#### WORK INSTRUCTION
Every line in the data below from the one containing "Expediente de Henri Bizot" down to the one containing "Ballonger Fladdermöss Svart/Guld", both included, must be retyped exactly; no other line is to appear.

#### Crawled caption data
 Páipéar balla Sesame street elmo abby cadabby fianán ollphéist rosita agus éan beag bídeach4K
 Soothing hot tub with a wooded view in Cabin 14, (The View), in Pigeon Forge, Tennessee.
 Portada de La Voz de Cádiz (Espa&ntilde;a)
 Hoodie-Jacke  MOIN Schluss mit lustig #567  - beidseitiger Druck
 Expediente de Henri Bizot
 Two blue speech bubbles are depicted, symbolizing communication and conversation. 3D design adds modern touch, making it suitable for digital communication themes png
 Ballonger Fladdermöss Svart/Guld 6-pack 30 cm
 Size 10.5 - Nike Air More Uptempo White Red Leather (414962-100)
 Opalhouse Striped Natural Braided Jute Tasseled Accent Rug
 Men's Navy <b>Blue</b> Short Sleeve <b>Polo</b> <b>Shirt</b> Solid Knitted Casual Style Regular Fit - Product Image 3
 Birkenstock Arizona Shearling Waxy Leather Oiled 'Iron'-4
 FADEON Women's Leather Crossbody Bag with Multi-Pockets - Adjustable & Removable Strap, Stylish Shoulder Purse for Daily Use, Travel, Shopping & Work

#### SOLUTION BELOW
 Expediente de Henri Bizot
 Two blue speech bubbles are depicted, symbolizing communication and conversation. 3D design adds modern touch, making it suitable for digital communication themes png
 Ballonger Fladdermöss Svart/Guld 6-pack 30 cm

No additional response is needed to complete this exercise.